Task statement:
Report, in full, each line of the material below in which the string "onclick" occurs.

Input:
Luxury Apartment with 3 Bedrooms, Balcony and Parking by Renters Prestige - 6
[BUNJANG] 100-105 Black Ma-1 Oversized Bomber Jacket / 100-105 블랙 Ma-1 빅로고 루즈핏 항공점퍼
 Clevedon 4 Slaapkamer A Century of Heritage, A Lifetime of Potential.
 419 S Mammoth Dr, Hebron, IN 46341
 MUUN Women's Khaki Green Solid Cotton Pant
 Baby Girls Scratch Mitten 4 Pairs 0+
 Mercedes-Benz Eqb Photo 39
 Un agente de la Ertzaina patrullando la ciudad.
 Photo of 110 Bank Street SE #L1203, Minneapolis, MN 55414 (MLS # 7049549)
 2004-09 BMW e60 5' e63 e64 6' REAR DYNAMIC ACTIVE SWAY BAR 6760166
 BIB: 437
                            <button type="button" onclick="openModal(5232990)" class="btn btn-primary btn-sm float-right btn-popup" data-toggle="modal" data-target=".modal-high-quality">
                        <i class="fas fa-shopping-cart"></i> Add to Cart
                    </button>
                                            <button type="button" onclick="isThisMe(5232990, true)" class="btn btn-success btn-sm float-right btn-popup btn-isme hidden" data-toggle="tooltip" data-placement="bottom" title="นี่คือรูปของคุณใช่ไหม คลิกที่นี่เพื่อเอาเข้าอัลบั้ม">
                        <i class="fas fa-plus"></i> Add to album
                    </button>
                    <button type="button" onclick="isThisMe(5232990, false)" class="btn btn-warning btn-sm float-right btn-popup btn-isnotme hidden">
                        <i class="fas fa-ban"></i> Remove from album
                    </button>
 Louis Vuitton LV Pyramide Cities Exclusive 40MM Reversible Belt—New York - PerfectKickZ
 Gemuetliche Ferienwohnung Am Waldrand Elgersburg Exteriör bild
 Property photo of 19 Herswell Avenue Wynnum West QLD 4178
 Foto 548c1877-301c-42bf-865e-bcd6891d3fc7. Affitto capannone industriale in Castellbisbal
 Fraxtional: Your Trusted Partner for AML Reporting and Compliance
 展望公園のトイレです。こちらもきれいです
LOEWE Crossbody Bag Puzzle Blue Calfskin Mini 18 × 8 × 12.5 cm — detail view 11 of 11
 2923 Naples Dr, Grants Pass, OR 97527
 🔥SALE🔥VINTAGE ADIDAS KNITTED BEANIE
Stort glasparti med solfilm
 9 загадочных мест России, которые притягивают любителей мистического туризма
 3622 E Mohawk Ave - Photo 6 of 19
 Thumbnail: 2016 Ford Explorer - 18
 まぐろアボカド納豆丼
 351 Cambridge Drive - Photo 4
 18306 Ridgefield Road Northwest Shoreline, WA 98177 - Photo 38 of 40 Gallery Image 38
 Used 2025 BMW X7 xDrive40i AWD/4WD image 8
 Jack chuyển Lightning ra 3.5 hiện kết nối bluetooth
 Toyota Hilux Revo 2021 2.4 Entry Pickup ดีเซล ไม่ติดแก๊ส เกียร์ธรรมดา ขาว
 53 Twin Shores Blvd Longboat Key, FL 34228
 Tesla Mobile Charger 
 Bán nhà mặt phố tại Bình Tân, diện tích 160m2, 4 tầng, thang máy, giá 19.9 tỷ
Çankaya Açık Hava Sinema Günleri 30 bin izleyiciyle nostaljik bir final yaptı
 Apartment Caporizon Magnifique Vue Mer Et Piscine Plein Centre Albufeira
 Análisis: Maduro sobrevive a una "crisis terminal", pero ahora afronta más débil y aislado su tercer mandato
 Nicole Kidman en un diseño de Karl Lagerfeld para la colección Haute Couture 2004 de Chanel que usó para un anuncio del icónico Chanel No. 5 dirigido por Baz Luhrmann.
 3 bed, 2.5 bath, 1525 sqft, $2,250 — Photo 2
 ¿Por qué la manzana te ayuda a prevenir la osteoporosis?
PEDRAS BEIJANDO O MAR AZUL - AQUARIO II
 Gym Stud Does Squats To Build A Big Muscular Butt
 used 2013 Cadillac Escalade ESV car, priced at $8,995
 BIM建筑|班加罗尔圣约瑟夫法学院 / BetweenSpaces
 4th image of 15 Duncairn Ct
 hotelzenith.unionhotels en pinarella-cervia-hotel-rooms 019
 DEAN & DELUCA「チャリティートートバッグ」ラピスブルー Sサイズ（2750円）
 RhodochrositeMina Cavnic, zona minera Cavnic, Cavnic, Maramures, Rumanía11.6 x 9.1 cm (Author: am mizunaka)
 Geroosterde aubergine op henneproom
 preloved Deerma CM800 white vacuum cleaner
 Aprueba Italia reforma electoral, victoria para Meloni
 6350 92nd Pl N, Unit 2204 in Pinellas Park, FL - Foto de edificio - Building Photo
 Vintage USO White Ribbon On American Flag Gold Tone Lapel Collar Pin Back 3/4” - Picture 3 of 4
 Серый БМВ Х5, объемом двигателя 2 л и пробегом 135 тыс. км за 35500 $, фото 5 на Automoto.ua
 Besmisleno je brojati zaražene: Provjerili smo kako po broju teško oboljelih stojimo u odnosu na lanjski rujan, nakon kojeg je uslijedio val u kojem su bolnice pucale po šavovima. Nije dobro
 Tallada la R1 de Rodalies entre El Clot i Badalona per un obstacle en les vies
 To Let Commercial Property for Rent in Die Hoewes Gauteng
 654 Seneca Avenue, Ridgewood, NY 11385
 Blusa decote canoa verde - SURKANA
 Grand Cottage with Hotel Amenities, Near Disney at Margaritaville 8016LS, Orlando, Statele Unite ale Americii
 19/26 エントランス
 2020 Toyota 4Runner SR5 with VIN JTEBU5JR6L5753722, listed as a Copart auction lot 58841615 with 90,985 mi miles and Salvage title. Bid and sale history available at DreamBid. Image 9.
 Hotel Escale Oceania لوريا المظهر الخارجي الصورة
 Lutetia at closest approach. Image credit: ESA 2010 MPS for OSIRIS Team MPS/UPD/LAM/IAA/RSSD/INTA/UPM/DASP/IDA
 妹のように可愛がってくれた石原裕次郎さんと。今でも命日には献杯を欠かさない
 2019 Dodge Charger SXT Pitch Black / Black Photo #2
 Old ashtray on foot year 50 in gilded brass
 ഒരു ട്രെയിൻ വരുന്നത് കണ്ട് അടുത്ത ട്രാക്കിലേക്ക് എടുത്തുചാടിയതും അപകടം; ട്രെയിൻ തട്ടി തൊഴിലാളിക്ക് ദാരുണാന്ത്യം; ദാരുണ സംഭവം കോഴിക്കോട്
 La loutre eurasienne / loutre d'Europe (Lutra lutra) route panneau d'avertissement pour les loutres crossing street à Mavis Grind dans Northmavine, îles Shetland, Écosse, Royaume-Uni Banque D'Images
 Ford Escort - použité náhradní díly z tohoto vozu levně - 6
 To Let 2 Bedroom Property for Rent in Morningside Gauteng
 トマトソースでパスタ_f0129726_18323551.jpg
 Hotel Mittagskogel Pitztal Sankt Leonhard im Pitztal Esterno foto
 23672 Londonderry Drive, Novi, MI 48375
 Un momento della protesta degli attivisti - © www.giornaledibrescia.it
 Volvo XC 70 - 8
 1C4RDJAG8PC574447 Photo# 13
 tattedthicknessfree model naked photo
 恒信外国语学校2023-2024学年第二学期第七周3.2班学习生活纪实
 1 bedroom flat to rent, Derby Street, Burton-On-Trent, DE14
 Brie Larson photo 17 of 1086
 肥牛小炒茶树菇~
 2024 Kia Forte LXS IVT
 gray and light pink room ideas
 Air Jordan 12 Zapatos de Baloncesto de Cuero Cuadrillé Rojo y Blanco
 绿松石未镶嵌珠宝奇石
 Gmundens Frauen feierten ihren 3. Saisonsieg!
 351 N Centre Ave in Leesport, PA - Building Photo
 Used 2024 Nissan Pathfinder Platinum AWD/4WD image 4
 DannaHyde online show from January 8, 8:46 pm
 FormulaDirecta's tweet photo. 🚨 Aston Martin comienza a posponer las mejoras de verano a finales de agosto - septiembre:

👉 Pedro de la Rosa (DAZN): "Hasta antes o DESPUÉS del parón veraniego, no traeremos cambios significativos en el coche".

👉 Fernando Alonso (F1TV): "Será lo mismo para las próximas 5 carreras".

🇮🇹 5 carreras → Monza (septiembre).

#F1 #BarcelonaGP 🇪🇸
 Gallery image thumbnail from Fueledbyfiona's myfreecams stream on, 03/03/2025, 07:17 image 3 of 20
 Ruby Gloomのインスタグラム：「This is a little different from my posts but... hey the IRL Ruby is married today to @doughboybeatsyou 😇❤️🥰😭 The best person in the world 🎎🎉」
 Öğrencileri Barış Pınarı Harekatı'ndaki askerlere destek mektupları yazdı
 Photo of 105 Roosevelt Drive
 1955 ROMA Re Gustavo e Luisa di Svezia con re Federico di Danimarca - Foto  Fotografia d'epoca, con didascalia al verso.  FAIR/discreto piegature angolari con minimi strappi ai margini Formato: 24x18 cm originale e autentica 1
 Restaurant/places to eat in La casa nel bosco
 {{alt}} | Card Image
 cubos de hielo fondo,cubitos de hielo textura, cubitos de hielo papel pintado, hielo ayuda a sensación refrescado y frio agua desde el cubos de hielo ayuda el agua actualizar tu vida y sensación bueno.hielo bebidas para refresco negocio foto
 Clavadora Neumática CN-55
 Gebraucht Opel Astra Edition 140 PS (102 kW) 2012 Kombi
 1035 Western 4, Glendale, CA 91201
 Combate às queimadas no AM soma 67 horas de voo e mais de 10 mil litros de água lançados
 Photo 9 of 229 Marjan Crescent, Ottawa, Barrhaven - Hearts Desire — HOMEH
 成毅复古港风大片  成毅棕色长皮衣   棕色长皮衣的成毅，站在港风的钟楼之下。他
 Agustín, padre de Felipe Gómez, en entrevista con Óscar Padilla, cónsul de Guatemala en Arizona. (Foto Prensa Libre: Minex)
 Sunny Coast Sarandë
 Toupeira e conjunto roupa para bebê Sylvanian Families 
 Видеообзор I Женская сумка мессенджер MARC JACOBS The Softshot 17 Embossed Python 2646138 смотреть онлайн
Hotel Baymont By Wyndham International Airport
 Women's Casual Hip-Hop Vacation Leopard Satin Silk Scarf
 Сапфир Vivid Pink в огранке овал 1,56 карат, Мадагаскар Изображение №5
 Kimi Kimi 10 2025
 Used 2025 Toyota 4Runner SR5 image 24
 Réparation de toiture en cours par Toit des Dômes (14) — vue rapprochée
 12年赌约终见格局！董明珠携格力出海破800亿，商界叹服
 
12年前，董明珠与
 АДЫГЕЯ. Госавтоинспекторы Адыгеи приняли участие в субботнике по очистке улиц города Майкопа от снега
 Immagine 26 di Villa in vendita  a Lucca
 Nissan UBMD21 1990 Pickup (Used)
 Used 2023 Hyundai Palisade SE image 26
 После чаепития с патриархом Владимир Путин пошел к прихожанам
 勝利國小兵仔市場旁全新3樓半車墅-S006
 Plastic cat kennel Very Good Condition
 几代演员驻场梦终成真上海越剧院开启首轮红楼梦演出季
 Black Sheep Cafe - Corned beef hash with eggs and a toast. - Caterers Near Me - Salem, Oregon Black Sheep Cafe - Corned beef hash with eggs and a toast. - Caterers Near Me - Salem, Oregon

Response for this exercise:
                            <button type="button" onclick="openModal(5232990)" class="btn btn-primary btn-sm float-right btn-popup" data-toggle="modal" data-target=".modal-high-quality">
                                            <button type="button" onclick="isThisMe(5232990, true)" class="btn btn-success btn-sm float-right btn-popup btn-isme hidden" data-toggle="tooltip" data-placement="bottom" title="นี่คือรูปของคุณใช่ไหม คลิกที่นี่เพื่อเอาเข้าอัลบั้ม">
                    <button type="button" onclick="isThisMe(5232990, false)" class="btn btn-warning btn-sm float-right btn-popup btn-isnotme hidden">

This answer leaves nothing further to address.